Exercise goal
Starting at the line that contains "this 350×262 image.", write out every line through the end of the records exactly as it stands, and leave out all pictures.

Input
>>>

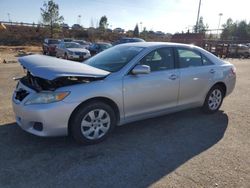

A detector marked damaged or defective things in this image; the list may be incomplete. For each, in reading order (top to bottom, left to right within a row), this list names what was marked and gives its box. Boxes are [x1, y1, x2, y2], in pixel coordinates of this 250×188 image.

damaged vehicle [12, 42, 236, 144]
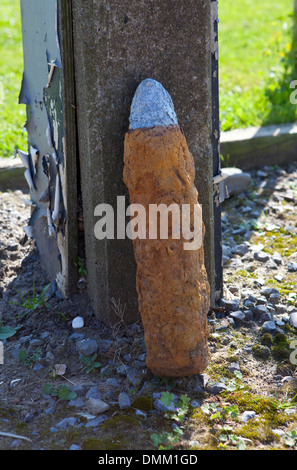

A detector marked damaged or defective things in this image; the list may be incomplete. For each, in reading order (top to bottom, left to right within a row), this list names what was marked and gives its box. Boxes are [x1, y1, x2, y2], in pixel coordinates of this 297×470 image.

rust texture [123, 125, 209, 378]
corroded metal shell casing [123, 78, 210, 378]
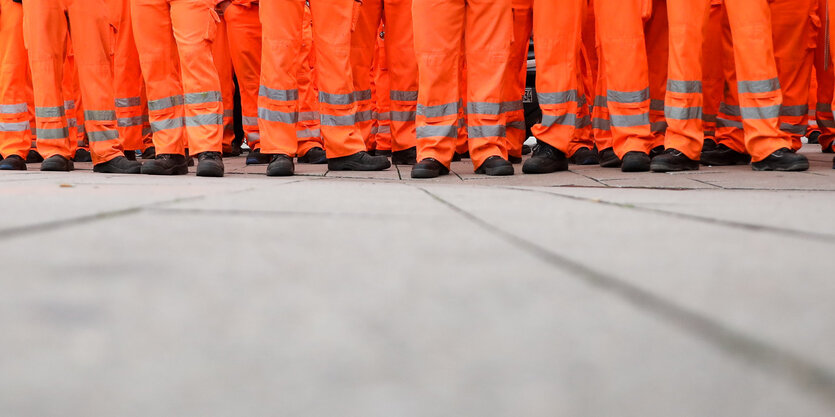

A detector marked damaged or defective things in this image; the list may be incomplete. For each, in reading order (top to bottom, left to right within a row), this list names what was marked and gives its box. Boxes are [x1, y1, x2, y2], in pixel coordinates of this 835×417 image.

pavement crack [418, 187, 835, 408]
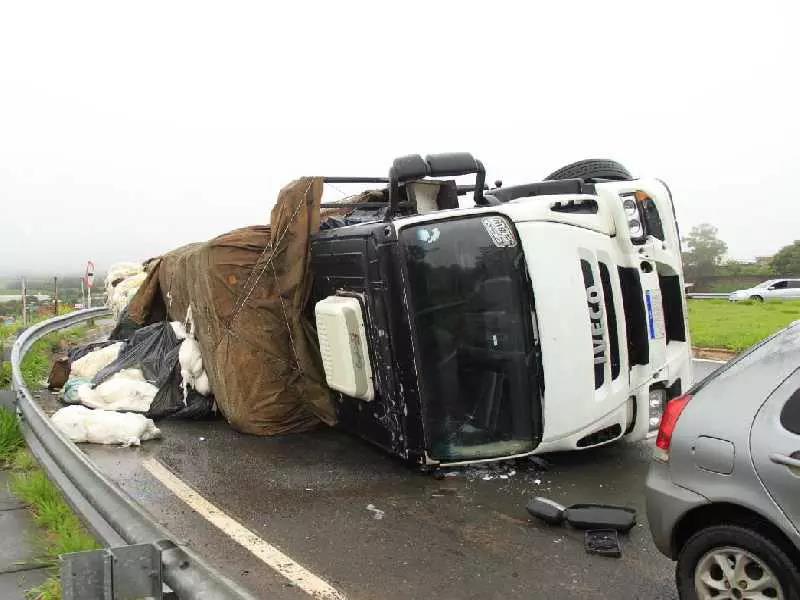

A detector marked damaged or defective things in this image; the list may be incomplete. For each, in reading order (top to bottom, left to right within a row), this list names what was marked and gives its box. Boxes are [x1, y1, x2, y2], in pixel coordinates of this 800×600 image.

overturned white truck [310, 155, 692, 464]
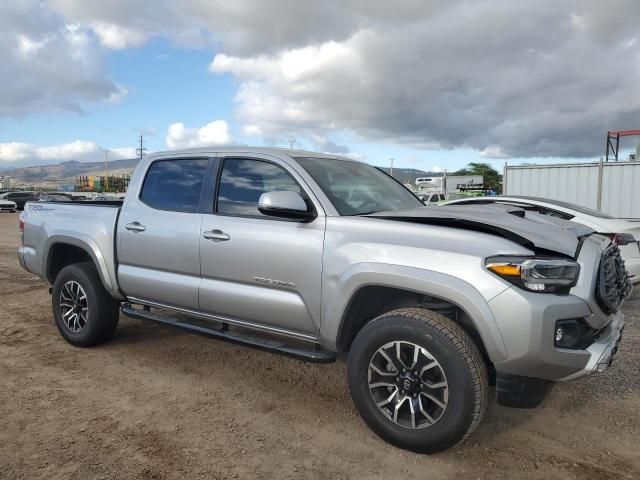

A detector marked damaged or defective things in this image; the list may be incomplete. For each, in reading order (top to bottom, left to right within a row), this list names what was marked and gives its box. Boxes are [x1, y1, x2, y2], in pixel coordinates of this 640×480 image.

damaged hood [368, 202, 596, 256]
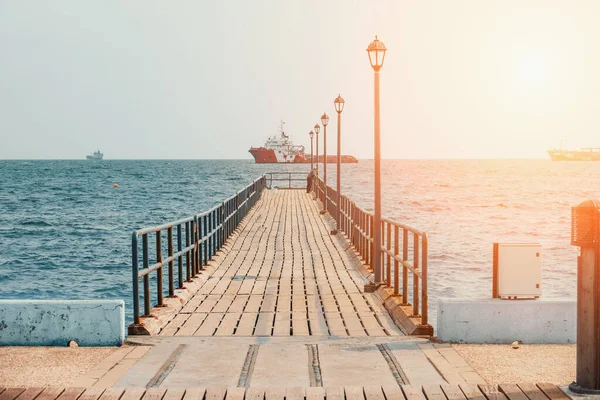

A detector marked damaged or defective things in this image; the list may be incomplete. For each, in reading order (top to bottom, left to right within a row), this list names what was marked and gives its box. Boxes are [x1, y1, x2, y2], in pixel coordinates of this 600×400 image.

rusty metal fence [132, 175, 266, 324]
rusty metal fence [312, 177, 428, 326]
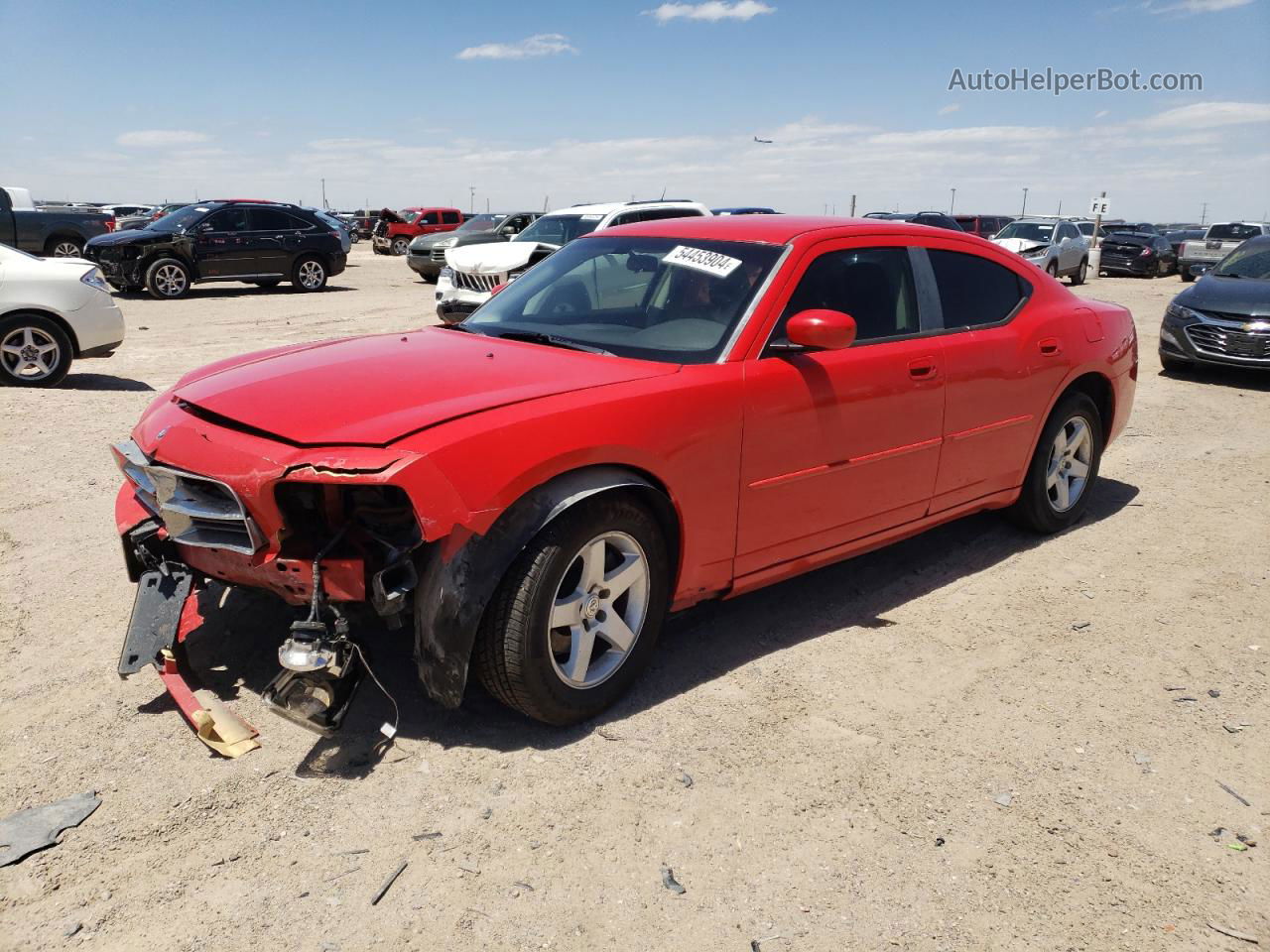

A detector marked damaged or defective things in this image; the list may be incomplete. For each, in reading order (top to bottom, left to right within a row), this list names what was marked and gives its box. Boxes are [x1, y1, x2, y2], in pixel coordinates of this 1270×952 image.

damaged red sedan [111, 216, 1143, 730]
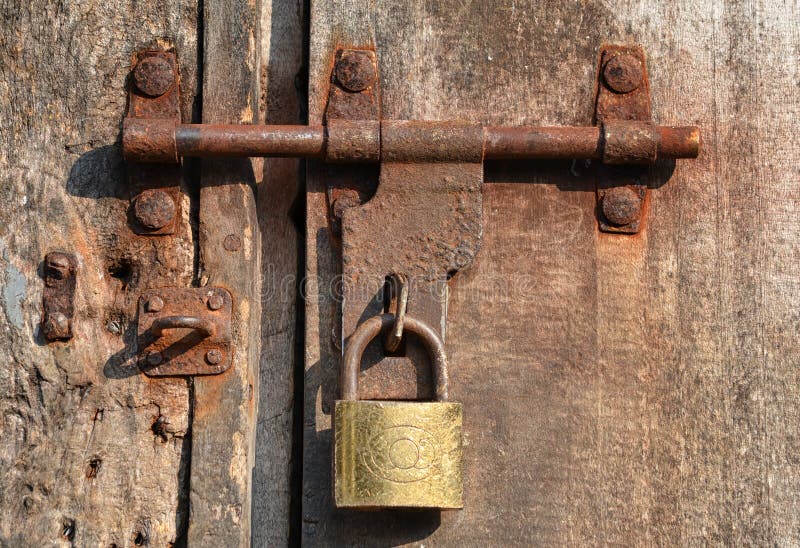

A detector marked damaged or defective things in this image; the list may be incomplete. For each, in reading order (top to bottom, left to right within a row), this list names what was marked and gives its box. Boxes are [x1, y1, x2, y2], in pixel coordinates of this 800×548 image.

corroded screw [133, 55, 175, 97]
rusty door bolt [133, 56, 175, 98]
rusty door bolt [334, 50, 378, 92]
corroded screw [334, 50, 378, 92]
rusty door bolt [604, 54, 640, 93]
corroded screw [600, 54, 644, 93]
rusty door bolt [134, 189, 176, 230]
corroded screw [134, 189, 176, 230]
rusty door bolt [600, 186, 644, 225]
corroded screw [600, 185, 644, 226]
corroded screw [145, 296, 164, 312]
rusty door bolt [146, 296, 165, 312]
rusty door bolt [42, 312, 70, 338]
corroded screw [42, 310, 70, 340]
rusty metal hasp [136, 286, 231, 376]
corroded screw [205, 348, 223, 366]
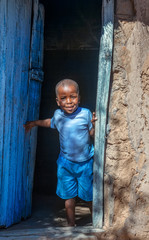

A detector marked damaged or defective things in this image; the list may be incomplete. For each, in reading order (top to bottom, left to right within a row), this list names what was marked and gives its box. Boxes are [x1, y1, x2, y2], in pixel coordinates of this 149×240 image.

cracked wall surface [103, 0, 149, 239]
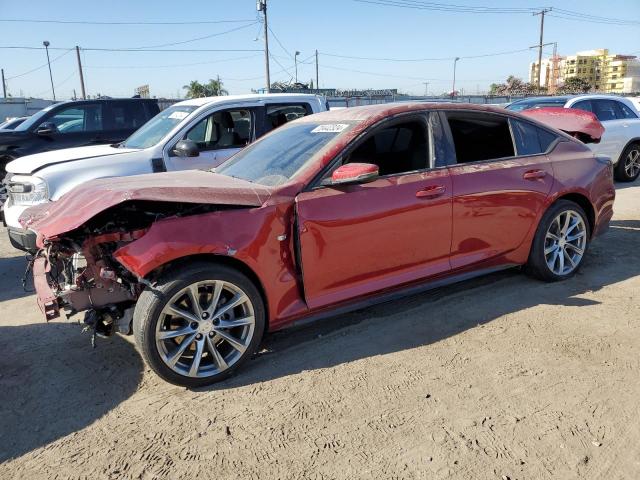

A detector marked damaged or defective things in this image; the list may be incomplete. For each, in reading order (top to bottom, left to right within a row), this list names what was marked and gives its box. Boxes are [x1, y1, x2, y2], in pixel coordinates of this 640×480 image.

dented hood [520, 108, 604, 144]
dented hood [18, 171, 274, 242]
damaged red car [22, 104, 616, 386]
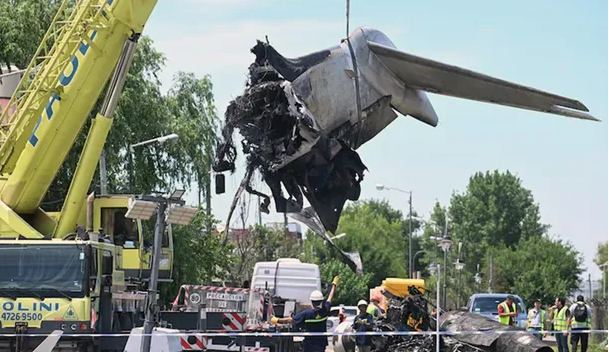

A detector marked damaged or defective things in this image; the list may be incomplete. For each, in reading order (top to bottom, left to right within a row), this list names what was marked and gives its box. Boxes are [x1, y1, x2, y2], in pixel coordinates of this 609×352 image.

burned fuselage [213, 26, 592, 238]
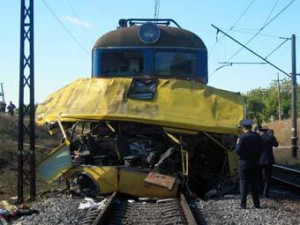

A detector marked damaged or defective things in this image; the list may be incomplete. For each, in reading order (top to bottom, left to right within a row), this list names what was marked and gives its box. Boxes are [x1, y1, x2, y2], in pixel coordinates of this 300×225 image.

crumpled yellow metal [36, 78, 245, 134]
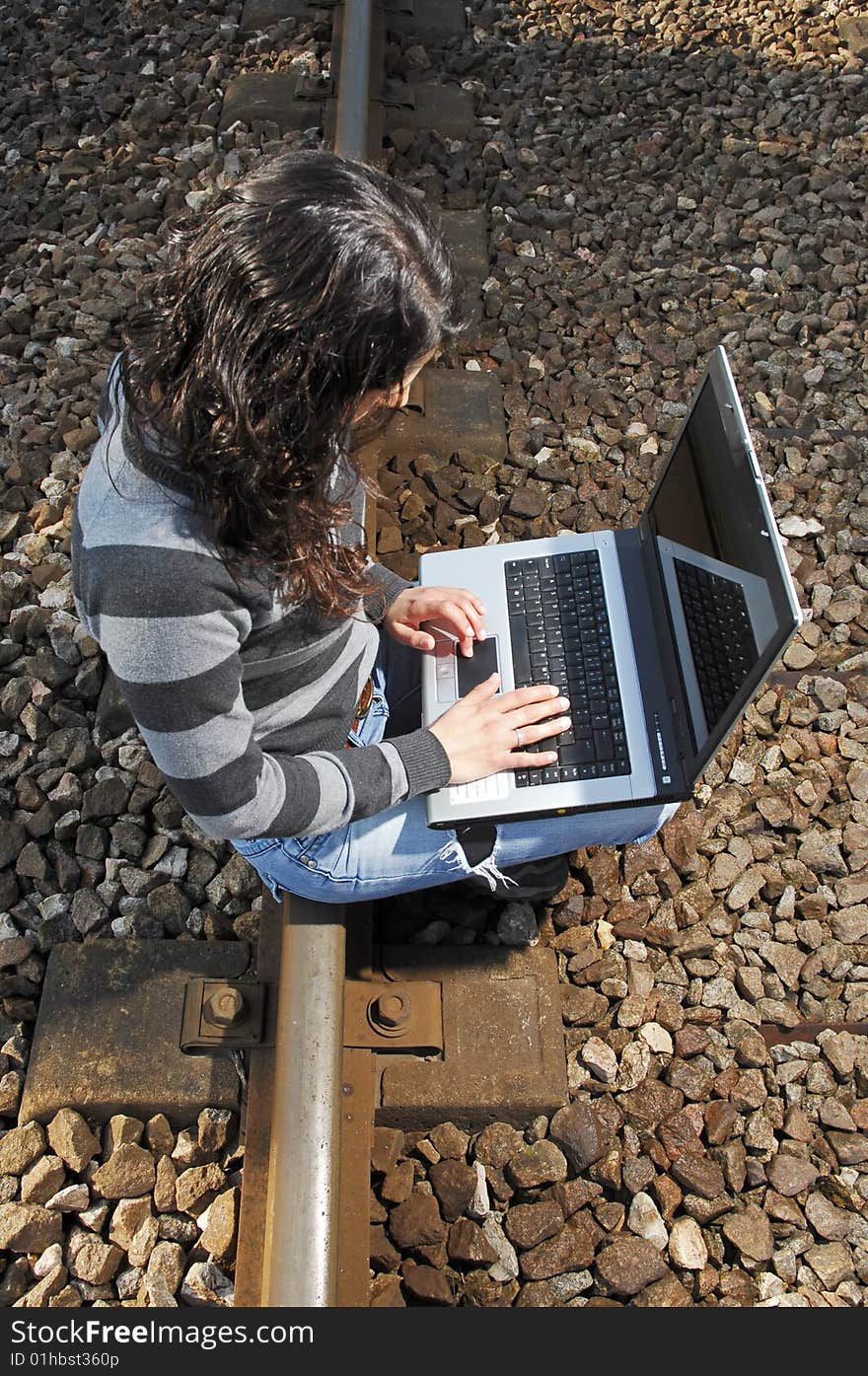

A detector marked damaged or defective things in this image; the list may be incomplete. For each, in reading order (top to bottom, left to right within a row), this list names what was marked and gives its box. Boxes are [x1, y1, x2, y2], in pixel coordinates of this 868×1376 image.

rusty bolt [203, 984, 245, 1029]
rusty bolt [371, 995, 409, 1029]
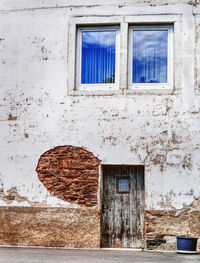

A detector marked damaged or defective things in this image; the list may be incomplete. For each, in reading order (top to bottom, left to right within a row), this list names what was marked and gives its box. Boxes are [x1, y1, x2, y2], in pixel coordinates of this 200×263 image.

rust stain on wall [36, 145, 101, 207]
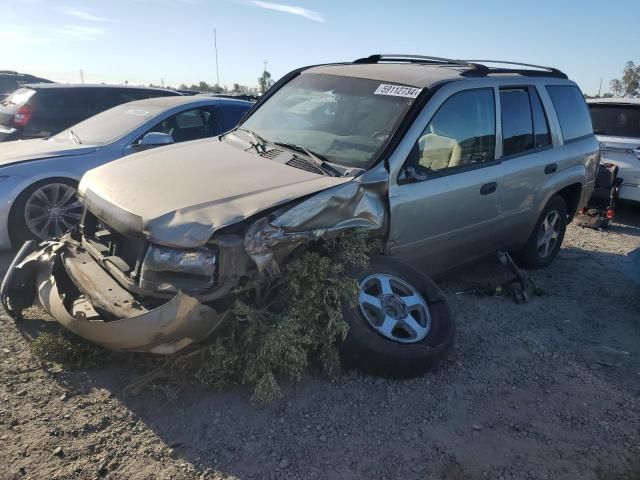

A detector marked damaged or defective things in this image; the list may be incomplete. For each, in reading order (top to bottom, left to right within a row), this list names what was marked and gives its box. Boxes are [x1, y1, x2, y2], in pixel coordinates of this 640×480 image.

detached wheel on ground [9, 180, 82, 248]
crushed hood [0, 138, 97, 166]
crushed hood [80, 136, 352, 246]
damaged tan suv [2, 56, 596, 376]
crumpled metal panel [242, 168, 388, 274]
damaged front fender [242, 168, 388, 274]
detached wheel on ground [512, 195, 568, 270]
detached wheel on ground [340, 255, 456, 378]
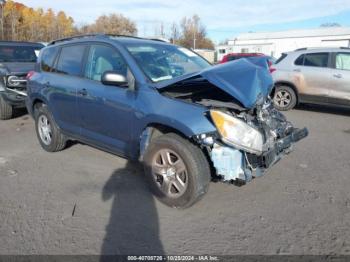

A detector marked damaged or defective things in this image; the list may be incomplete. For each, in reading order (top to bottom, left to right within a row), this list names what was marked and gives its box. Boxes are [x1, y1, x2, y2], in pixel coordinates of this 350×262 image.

crumpled hood [157, 57, 274, 109]
damaged blue suv [26, 34, 308, 207]
broken headlight [211, 110, 262, 156]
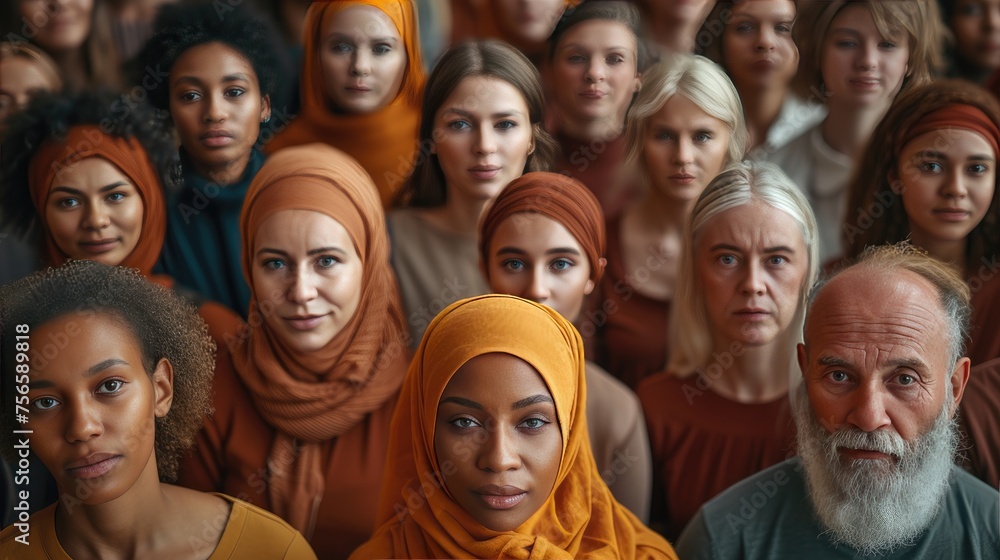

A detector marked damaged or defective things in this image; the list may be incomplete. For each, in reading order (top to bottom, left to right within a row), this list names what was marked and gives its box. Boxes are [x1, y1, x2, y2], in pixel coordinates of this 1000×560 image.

rust hijab [26, 125, 166, 278]
rust hijab [264, 0, 424, 208]
rust hijab [478, 170, 604, 284]
rust hijab [236, 144, 408, 540]
rust hijab [356, 296, 676, 556]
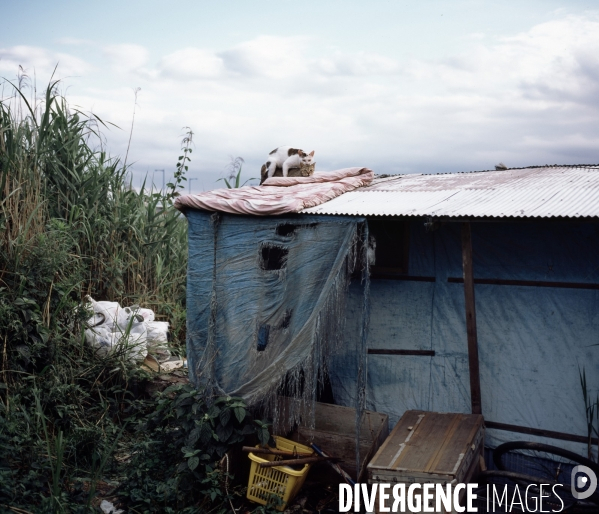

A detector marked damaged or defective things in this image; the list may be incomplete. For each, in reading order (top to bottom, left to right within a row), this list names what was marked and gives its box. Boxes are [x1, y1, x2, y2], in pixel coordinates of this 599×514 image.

tattered netting [185, 210, 370, 466]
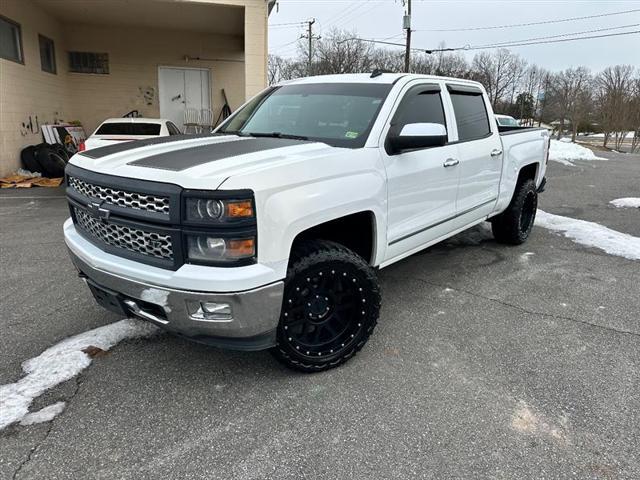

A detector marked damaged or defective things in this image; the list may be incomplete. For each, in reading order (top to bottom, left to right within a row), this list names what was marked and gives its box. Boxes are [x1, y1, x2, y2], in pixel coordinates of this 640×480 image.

pavement crack [400, 276, 640, 340]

<<<

Problem solution
A detector marked damaged or defective things in this image; the list may be incomplete. For each, in reading order (top to bottom, left to right within a row), this list names what was marked and gives its box. Boxes are [x1, y1, x2, y2], in pixel coordinates of this 350×262 image.

crumpled hood [157, 57, 274, 109]
damaged blue suv [26, 34, 308, 207]
broken headlight [211, 110, 262, 156]

A detector marked damaged or defective things in this image; the list may be incomplete. For each, in reading order (top to bottom, left to right within a row), this list names what was marked and gives its box. Boxes are [x1, y1, x2, y2], in pixel coordinates of this 1000×560 image.

rust hijab [26, 125, 166, 278]
rust hijab [264, 0, 424, 208]
rust hijab [478, 170, 604, 284]
rust hijab [236, 144, 408, 540]
rust hijab [356, 296, 676, 556]

A detector marked damaged or defective things in this image; the list may be incomplete. For each, in reading order (top to bottom, left to right within a row), this list names what was marked and gives its box. Boxes are [x1, y1, x2, y2], in pixel coordinates of this 599×514 image.

tattered netting [185, 210, 370, 466]

A detector marked damaged or defective things in this image; the list may be incomplete. For each, in reading order (top to bottom, left to right within a row), this list names what was marked and gives its box. Boxes are [x1, y1, x2, y2], in pixel coordinates of this 640×480 image.

pavement crack [400, 276, 640, 340]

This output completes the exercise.